C.G. Au Moyen Âge on ne flâne pas dans les rues qui sont immondes. La flânerie est un luxe et la rue devient progressivement et plus récemment, un lieu du luxe tout en se démocratisant.

La rue, lieu d’expression politique.

D.T. La rue est un lieu d’échanges et est, dans notre histoire très spécifique, depuis le 18ème siècle jusqu’à la Commune, le lieu fantasmatique de l’expression du peuple en armes. C’est la rue du peuple des barricades glorifié par Victor Hugo, Delacroix, qui peut faire et défaire les régimes. Avec la victoire des Républicains dans les années 1880, on assiste à un lent processus de basculement de ces mouvements de rue, révoltes du peuple des faubourgs qui descend dans la rue, aux manifestations de rue. Tous les acteurs politiques et sociologiques peuvent descendre dans la rue, espace public pour manifester, revendiquer, protester. Le mot manifestation est polysémique et a recouvert longtemps des évènements divers : processions, parades, défilés…ce n’est que tardivement qu’il prend son sens actuel familier : la manif’. La centralité politique récurrente de la rue au 19ème siècle, puis, sous d’autres formes, en 1934 ou 1968, constitue une spécificité française.

C.G.  Au Moyen Âge aussi on exprimait ses opinions dans la rue, lieu de transmission des rumeurs, et lieu possible des insurrections. La rue fait peur aux autorités. C’est donc un lieu qu’il faut dominer et contrôler, éventuellement en installant des chaines comme en 1382 à Paris lors de la révolte des Maillotins. Les 14ème et 15ème siècles sont dans plusieurs pays (France, Angleterre, Italie) des moments de révoltes urbaines, le plus souvent d’origine fiscale, qui partent de la rue. Ainsi celle d’Etienne Marcel (1356-57) qui devient une véritable guerre civile.

C.G. La rue médiévale est aussi le lieu d’information et de transmission des décisions du pouvoir politique par les crieurs royaux et tout un personnel urbain affecté à l’information. Et les villes s’informent entre elles et savent très bien ce qui se passe ailleurs. L’affichage existe dès le Moyen Âge souvent sur les portes des églises, il est systématisé avec la création par François Ier d’un corps chargé des affichages dans les rues de Paris.

Les efforts pour assurer la sécurité notamment sanitaire de la rue.

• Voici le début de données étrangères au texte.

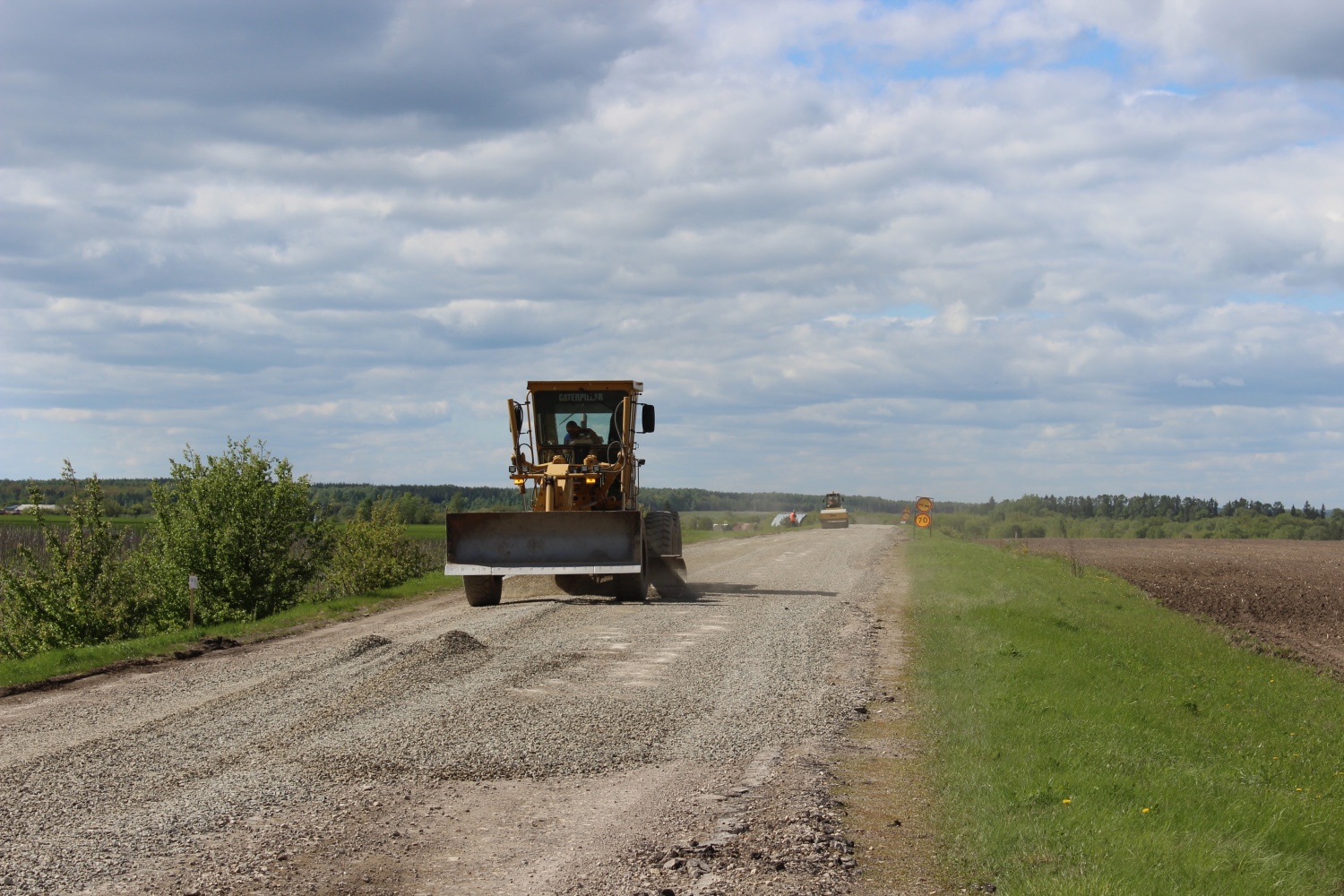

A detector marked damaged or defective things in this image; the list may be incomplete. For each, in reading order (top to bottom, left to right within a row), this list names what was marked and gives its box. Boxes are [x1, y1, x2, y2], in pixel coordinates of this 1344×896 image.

pothole in gravel [339, 633, 392, 663]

C.G. Les épidémies ravageuses témoignent des mauvaises conditions sanitaires notamment en raison de la saleté mais aussi en raison des rivalités entre les juridictions, administrations, et seigneuries qui se chevauchent. Ainsi la place Maubert à Paris, place importante économiquement par la présence d’un marché et d’artisans, est réputée pour sa saleté : le roi et l’abbaye de Ste Geneviève veulent tous les deux se l’approprier. Il y a cependant des efforts pour aménager la voierie et les communes imposent des règlements, souvent répétés, pour interdire de jeter les immondices par les fenêtres, pour enlever le fumier et les détritus en dehors de la ville, pour empêcher les bêtes, particulièrement les porcs de divaguer.  A Paris, le roi essaie de mettre la main sur les grandes artères pour imposer son contrôle sur la voirie. Au Moyen Âge, les épidémies, la peste particulièrement, se propagent très vite aussi car la coutume est de rester en famille et de mourir entouré de ses proches. C’est aux 14ème – 15ème siècles qu’on commence à comprendre timidement l’intérêt du confinement et celui de fermer les portes des villes en cas d’épidémie.

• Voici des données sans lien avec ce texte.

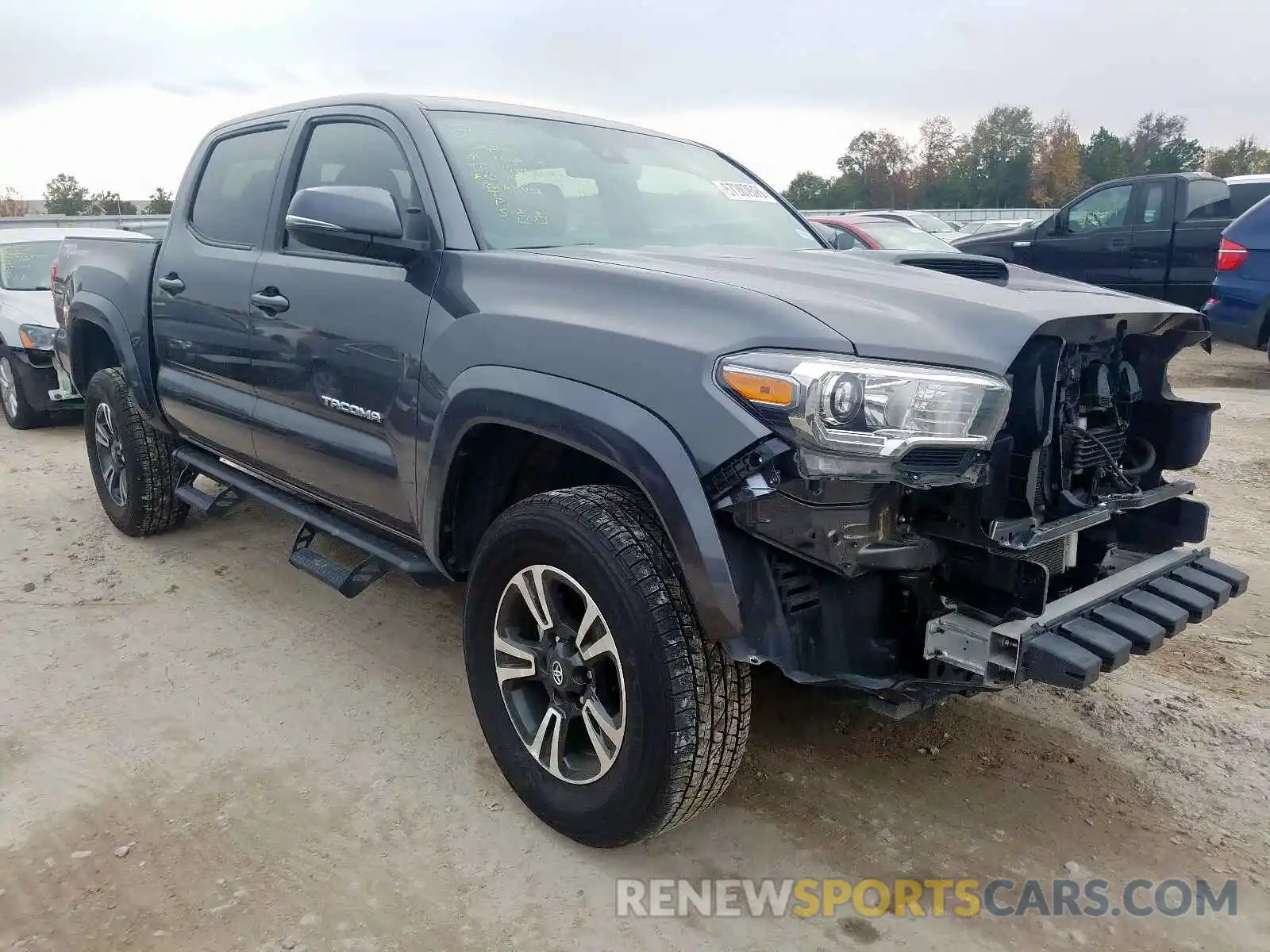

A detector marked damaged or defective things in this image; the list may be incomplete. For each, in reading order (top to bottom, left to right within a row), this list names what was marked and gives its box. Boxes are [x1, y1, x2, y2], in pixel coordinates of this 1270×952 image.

D.T. Au 18ème siècle les progrès sont évidents quand, en abattant les murailles, la ville close s’ouvre, et qu’avec les Lumières un courant hygiéniste émerge et réfléchit à la circulation de l’air.  Nicolas Delamare dans son Traité de la police (en trois volumes 1717-1719), s’indigne que Paris soit un cloaque et met l’accent sur la propreté nécessaire.  Le choléra de 1832, les travaux de Rambuteau puis ceux d’Haussmann à Paris permettent l’accélération des progrès de l’hygiène en veillant à l’alimentation de la ville en eau potable et à l’évacuation des eaux usées par les égouts. En 1883, le préfet Poubelle transforme la physionomie de la rue en imposant le ramassage et même le tri des ordures. La période haussmannienne et immédiatement post-haussmannienne a véritablement transformé les rues et la ville dans de multiples domaines y compris dans le ravitaillement avec la construction de halles modernes.

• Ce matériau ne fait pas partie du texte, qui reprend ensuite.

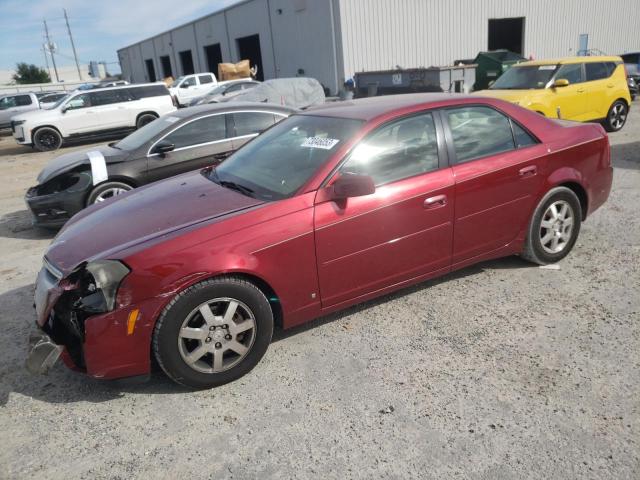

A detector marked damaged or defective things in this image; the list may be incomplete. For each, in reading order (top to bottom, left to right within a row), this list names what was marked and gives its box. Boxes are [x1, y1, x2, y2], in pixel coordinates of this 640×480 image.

black damaged car [24, 101, 296, 229]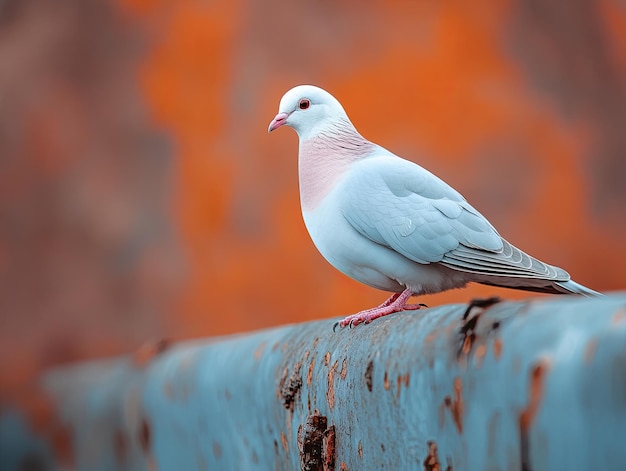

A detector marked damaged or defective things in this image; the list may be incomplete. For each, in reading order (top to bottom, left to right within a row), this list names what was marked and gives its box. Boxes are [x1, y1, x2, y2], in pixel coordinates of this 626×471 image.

rust spot [132, 340, 171, 368]
rust spot [580, 340, 596, 366]
rust spot [280, 364, 302, 412]
rust spot [442, 380, 460, 436]
rust spot [520, 364, 548, 470]
rust spot [422, 440, 450, 470]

La rue, lieu d’expression culturelle.

D.T On a évoqué l’effacement du mot « rue » au profit de la « street ». A partir des années 1960, le street art venu des Etats-Unis est une des formes de réappropriation de la rue.  La première exposition de ces nouveaux usages culturels de la rue, en rupture avec les normes et les usages convenus, a lieu à New-York en 1968. IL y a aussi tous les sports de rue (le skate, le roller), la street dance, mais aussi la street food…Toutes ces activités témoignent de la popularité grandissante de la culture de la street-rue, évidente volonté de casser l’ordre établi. Ces usages hors-normes, au début combattus, conduisent progressivement à une redéfinition de l’espace public et produisent des effets sur les conceptions urbaines.

C.G. Au Moyen Âge, toute expression est très ordonnée :  il y a des enseignes, des sculptures religieuses, des bornes. En revanche, le spectacle envahit la rue : montreurs d’ours, jongleurs, manifestations parfois très grivoises des charivaris, du carnaval, des processions, toutes faites à la fois de ritualité et de spontanéité. Quelques scènes de théâtre peuvent être montées aussi dans la rue.

 

Interventions de la salle :

Trois remarques d’un géographe qui applique à la rue, la méthode de la géohistoire chère à F. Braudel réutilisée par Ch. Grataloup.  La rue a une topographie (sa forme, sa longueur, sa largeur), mais la place sous ses diverses formes (place de grève, du marché, parvis de la cathédrale…) mérite aussi une réflexion. Par ailleurs dans la temporalité courte et moyenne, il est intéressant de distinguer ce qui se passe le jour et la nuit, l’été et l’hiver, en temps ordinaire et temp festifs. Enfin, l’étude des noms de rues, l’odonymie qui a fait l’objet d’un café de géo (https://cafe-geo.net/la-memoire-coloniale-dans-lespace-public-parisien/) est aussi un objet d’intérêt.

D.T. fait remarquer que les places, surtout les places royales à l’époque moderne sont largement étudiées dans l’ouvrage.

La rue : lieu d’insécurité ? Quelle place pour les piétons ?

C.G. La rue peut faire peur mais le sentiment d’insécurité n’est pas forcément rattaché à la rue. Au Moyen Âge la police est indigente (200 sergents à Paris).  On a peur du viol, du meurtre, de l’homicide. Les viols, certainement nombreux mais difficiles à évaluer, sont des crimes punis mais peu déclarés. Ils concernent peu les « femmes d’honneur », davantage les servantes et encore plus les pauvres. La rue, notamment la nuit peut être un coupe-gorge. L’éclairage public n’arrive tardivement qu’au 19ème siècle en raison de la fréquence des incendies.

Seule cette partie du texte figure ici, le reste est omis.